> _WHAT IS REQUIRED_
Repeat nothing but the line containing "Pink Rose Vintage" and the lines that follow it, up to and including the last line of the data below.

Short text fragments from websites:

--

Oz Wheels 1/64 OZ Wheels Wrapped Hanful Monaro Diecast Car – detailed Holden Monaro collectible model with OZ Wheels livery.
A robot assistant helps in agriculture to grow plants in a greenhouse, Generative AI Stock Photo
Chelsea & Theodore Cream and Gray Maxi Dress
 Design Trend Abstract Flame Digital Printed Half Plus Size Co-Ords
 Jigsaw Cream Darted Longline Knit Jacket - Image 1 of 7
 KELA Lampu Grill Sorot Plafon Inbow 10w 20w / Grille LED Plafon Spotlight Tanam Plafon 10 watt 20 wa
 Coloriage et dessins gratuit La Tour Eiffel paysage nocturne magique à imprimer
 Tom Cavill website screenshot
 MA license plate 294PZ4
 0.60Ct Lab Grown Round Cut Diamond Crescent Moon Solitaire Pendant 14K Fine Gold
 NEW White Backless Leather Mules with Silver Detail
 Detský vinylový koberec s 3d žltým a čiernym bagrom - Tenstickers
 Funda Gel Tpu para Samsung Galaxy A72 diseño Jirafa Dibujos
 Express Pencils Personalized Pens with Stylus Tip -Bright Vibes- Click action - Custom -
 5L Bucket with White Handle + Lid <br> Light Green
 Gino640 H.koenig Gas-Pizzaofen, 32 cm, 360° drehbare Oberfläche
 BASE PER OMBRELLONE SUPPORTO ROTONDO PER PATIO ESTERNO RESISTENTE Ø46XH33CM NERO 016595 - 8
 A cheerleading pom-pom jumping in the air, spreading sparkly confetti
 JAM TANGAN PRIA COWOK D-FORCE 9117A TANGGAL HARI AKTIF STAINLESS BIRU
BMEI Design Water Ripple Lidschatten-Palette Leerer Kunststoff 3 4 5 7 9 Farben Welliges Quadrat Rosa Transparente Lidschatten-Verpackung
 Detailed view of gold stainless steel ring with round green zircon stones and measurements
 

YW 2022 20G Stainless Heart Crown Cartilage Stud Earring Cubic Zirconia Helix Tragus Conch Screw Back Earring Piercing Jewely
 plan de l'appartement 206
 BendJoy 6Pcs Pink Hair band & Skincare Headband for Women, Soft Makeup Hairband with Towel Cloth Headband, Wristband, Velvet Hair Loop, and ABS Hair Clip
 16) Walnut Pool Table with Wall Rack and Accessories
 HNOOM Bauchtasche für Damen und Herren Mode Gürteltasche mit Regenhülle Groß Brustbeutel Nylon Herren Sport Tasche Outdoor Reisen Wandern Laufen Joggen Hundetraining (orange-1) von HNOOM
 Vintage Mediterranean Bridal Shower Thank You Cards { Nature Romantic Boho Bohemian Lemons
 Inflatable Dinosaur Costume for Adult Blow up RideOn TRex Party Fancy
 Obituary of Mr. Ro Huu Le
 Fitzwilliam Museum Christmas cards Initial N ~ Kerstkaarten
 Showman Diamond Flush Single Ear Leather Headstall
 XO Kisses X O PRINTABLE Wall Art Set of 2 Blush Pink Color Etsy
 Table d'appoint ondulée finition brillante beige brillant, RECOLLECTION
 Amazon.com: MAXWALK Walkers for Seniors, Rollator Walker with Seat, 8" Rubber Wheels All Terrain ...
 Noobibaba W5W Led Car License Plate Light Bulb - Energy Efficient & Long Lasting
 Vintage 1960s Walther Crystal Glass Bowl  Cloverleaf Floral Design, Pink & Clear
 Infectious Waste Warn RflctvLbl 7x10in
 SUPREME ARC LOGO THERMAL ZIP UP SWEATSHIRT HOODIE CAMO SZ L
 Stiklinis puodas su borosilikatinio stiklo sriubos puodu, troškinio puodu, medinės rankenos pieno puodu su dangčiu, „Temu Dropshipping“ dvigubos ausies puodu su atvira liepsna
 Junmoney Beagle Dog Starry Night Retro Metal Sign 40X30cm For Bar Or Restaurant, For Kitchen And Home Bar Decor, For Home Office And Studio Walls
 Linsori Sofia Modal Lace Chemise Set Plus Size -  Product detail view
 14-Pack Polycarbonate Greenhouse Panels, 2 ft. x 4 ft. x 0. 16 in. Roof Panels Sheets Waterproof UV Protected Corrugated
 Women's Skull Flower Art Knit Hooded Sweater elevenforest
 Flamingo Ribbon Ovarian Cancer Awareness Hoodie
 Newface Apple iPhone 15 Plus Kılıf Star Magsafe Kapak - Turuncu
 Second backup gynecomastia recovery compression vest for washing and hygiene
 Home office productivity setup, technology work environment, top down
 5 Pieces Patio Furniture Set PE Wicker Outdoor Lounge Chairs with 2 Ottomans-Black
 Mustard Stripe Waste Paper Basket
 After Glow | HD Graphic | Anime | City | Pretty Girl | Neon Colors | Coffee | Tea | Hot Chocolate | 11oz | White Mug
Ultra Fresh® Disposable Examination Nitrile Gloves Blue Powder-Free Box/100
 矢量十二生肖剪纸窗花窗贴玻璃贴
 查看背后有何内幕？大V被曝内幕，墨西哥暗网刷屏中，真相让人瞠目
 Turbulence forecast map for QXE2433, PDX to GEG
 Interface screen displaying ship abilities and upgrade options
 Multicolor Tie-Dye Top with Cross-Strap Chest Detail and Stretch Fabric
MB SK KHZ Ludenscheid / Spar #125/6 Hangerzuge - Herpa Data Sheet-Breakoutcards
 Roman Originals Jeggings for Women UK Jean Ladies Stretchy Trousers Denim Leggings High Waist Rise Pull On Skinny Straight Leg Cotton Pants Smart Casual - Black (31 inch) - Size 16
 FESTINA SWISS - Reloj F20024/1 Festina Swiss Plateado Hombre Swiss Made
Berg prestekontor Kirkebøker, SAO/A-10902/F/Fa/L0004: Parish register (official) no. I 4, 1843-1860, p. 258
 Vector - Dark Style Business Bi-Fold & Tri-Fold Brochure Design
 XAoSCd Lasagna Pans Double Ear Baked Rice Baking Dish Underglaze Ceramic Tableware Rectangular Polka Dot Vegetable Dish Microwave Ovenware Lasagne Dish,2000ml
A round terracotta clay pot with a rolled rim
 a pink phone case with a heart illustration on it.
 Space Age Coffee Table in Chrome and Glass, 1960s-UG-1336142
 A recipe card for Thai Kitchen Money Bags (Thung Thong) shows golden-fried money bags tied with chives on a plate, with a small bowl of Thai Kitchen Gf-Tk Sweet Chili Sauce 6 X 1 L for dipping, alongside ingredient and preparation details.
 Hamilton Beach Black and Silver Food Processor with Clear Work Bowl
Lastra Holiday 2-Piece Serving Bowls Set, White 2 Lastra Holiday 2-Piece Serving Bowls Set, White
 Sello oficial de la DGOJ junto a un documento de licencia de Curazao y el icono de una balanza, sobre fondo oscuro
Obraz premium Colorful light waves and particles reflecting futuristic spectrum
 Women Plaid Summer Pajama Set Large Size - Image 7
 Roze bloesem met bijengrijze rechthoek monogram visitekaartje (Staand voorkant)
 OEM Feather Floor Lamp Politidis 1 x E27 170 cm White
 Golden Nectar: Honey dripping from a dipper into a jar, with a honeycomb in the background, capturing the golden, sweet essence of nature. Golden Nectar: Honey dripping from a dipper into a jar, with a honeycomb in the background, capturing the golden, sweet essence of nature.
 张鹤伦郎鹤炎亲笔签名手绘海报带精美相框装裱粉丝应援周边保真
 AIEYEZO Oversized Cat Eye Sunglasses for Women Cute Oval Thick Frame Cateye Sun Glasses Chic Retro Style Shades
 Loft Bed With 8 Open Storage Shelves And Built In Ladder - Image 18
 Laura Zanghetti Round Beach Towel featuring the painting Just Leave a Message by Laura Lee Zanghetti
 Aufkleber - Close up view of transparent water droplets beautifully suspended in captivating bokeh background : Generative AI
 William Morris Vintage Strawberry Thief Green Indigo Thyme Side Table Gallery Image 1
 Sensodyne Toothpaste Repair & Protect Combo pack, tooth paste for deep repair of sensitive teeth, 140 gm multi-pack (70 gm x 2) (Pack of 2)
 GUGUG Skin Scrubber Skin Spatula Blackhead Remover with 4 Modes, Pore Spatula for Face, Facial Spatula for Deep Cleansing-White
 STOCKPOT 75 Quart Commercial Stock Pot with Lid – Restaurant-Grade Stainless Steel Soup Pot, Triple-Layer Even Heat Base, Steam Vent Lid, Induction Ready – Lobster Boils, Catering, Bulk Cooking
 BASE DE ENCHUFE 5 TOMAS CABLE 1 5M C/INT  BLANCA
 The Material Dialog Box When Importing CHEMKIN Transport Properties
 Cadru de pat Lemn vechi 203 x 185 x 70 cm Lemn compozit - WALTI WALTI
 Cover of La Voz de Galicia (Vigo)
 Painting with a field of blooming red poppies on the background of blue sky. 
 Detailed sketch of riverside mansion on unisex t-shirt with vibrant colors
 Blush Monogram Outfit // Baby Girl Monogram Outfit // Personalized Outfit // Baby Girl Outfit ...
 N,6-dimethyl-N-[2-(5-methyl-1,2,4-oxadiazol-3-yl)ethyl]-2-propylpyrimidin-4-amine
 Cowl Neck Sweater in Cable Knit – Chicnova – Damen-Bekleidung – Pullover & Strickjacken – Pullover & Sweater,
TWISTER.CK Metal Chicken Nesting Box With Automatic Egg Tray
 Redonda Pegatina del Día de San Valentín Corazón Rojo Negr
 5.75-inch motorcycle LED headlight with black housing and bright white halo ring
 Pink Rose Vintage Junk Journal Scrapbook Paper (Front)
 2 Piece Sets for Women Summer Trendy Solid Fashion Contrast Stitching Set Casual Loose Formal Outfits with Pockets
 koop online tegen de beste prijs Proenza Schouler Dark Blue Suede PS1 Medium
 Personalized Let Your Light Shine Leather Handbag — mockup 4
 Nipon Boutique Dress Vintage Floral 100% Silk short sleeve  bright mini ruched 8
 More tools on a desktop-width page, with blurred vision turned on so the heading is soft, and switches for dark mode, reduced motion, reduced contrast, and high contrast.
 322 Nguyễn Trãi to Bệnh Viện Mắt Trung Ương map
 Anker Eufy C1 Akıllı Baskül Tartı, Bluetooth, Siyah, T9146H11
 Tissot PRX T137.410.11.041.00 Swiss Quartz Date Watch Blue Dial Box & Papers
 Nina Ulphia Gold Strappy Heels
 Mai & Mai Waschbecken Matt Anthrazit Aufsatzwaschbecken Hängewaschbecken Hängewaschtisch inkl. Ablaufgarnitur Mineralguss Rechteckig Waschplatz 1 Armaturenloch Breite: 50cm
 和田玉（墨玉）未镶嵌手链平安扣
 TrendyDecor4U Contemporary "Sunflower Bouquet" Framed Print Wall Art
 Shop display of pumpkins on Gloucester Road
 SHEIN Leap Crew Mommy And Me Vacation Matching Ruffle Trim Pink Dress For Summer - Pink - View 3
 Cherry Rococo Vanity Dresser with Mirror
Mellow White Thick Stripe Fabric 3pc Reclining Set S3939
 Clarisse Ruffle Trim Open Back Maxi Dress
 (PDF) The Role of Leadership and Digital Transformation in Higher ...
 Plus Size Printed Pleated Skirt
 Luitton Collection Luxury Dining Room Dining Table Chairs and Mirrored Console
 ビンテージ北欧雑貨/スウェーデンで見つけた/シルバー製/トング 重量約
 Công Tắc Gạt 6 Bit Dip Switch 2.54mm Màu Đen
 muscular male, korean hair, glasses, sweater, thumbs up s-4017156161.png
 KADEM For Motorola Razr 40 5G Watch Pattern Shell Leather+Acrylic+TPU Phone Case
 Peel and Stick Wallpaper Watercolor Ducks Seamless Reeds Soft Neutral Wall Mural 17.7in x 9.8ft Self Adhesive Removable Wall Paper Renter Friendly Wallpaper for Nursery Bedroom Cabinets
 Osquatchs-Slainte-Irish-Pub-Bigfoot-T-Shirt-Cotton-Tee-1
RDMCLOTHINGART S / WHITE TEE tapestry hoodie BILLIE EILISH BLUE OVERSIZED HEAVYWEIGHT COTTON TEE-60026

--

> _ANSWER BOX_
 Pink Rose Vintage Junk Journal Scrapbook Paper (Front)
 2 Piece Sets for Women Summer Trendy Solid Fashion Contrast Stitching Set Casual Loose Formal Outfits with Pockets
 koop online tegen de beste prijs Proenza Schouler Dark Blue Suede PS1 Medium
 Personalized Let Your Light Shine Leather Handbag — mockup 4
 Nipon Boutique Dress Vintage Floral 100% Silk short sleeve  bright mini ruched 8
 More tools on a desktop-width page, with blurred vision turned on so the heading is soft, and switches for dark mode, reduced motion, reduced contrast, and high contrast.
 322 Nguyễn Trãi to Bệnh Viện Mắt Trung Ương map
 Anker Eufy C1 Akıllı Baskül Tartı, Bluetooth, Siyah, T9146H11
 Tissot PRX T137.410.11.041.00 Swiss Quartz Date Watch Blue Dial Box & Papers
 Nina Ulphia Gold Strappy Heels
 Mai & Mai Waschbecken Matt Anthrazit Aufsatzwaschbecken Hängewaschbecken Hängewaschtisch inkl. Ablaufgarnitur Mineralguss Rechteckig Waschplatz 1 Armaturenloch Breite: 50cm
 和田玉（墨玉）未镶嵌手链平安扣
 TrendyDecor4U Contemporary "Sunflower Bouquet" Framed Print Wall Art
 Shop display of pumpkins on Gloucester Road
 SHEIN Leap Crew Mommy And Me Vacation Matching Ruffle Trim Pink Dress For Summer - Pink - View 3
 Cherry Rococo Vanity Dresser with Mirror
Mellow White Thick Stripe Fabric 3pc Reclining Set S3939
 Clarisse Ruffle Trim Open Back Maxi Dress
 (PDF) The Role of Leadership and Digital Transformation in Higher ...
 Plus Size Printed Pleated Skirt
 Luitton Collection Luxury Dining Room Dining Table Chairs and Mirrored Console
 ビンテージ北欧雑貨/スウェーデンで見つけた/シルバー製/トング 重量約
 Công Tắc Gạt 6 Bit Dip Switch 2.54mm Màu Đen
 muscular male, korean hair, glasses, sweater, thumbs up s-4017156161.png
 KADEM For Motorola Razr 40 5G Watch Pattern Shell Leather+Acrylic+TPU Phone Case
 Peel and Stick Wallpaper Watercolor Ducks Seamless Reeds Soft Neutral Wall Mural 17.7in x 9.8ft Self Adhesive Removable Wall Paper Renter Friendly Wallpaper for Nursery Bedroom Cabinets
 Osquatchs-Slainte-Irish-Pub-Bigfoot-T-Shirt-Cotton-Tee-1
RDMCLOTHINGART S / WHITE TEE tapestry hoodie BILLIE EILISH BLUE OVERSIZED HEAVYWEIGHT COTTON TEE-60026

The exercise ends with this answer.